Published June 10. 2011 4:00AM Updated June 10. 2011 1:05PM
Ledyard - As president of the National Honor Society, president of the music council, a volunteer, an afterschool tutor, a drum major, a chorus member, a baby sitter, an employee, an artist, an actress, a girlfriend, a sister and a daughter, Britta Johnson has her academic and extracurricular plate full.
But, through it all, she somehow still manages to ask for seconds.
"I'm not a procrastinator. I'd say that's one thing that helps me get stuff done, so I don't have a problem juggling a lot of things," Johnson, 18, said one recent afternoon. "I don't like sitting and not doing anything.

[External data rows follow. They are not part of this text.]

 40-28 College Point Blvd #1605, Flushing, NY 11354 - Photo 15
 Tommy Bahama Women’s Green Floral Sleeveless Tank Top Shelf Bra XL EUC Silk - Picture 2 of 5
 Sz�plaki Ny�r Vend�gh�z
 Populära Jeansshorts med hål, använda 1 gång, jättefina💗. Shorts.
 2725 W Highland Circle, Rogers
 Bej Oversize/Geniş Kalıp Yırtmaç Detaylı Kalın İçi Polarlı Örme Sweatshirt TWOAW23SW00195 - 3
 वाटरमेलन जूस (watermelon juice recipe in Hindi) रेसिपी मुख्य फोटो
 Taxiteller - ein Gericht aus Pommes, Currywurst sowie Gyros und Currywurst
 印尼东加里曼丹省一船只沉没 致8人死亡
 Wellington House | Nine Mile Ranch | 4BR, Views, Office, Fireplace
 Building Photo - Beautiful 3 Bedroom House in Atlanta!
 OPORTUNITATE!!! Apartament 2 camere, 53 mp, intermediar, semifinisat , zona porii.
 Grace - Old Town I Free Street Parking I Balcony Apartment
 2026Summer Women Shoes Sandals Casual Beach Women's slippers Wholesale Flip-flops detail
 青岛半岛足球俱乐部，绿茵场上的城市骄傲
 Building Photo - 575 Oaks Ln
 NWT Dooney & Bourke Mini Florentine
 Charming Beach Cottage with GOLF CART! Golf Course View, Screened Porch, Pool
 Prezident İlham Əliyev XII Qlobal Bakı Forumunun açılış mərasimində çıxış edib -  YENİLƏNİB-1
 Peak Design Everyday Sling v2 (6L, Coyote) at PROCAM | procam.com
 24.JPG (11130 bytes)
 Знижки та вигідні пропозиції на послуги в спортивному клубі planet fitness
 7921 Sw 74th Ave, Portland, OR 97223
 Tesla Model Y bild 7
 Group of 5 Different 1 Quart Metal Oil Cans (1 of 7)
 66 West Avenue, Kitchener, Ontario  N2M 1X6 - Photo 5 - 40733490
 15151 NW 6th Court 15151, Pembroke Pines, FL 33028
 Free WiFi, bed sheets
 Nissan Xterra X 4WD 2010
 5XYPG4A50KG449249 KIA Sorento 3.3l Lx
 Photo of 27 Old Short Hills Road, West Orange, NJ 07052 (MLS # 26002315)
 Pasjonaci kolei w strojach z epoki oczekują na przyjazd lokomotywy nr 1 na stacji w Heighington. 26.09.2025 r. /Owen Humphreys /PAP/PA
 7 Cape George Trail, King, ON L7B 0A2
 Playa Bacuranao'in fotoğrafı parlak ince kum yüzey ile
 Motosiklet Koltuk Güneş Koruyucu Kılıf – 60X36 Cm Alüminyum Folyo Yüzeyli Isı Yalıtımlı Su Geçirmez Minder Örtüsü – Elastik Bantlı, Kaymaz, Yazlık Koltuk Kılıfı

I like to be productive."
A lover of languages, Johnson recently won a gold medal in the Connecticut Council of Language Teachers poetry contest for her recitation of a 30-line French poem.
Her French teacher, Renée Sylvestre, had enough confidence in her three-year student to give her a "very difficult poem" to learn.
"She went to iTunes and found three different versions of people reciting the poem, decided which one she liked best, purchased the audio and continuously listened to it," Sylvestre said. "Even if you didn't know French, you would have enjoyed listening to Britta's recitation."
Johnson's family is French, and she said she "loves the language."
"My first year of French, I loved it immediately, it just came to me," she said. "I got to really practice it when we went on our class trip to Québec in February."
She is conversational in French and would like to learn Russian and Arabic if she enters into the International Justice and Security concentration at the University of New Haven.
Her interest in criminal justice stems primarily from her love of martial arts.
Involved in martial arts classes since she was 5, Johnson earned her black belt in karate at 11, and as she got older, helped teach younger students how to deal with being bullied and taught women self-defense techniques.
Johnson said that because of her interest in working with children, she would like to become a school resource officer or a DARE officer.
"I like knowing that I can help keep people safe, and doing the seminars with the kids was really important to me," she said. "For me, it was always martial arts, that came before anything."
'A people person'
When most of her peers were dreading being told by their parents to fill out job applications, Johnson had already interviewed and secured a job, so that on the day she turned 16, she could start work.
Johnson said she is in her element working as a waitress at Pizzetta in Mystic.
"I love my job. I'm definitely a people person so I like interacting with people and just love seeing all the people coming in and out," she said.
"It's a busy job, you're always moving and always doing something."
Johnson's NHS adviser Kurt Jannke said Johnson is "highly motivated," and that she easily adapts to her environment and surroundings.
"She's organized, knows how to get things done and can think on her feet and solve problems," he said.
"One of her greatest traits is that she's well-respected by her peers. She's friendly, she's happy, she's motivated, and her peers and teachers respect her. A lot of people are willing to support her because of that."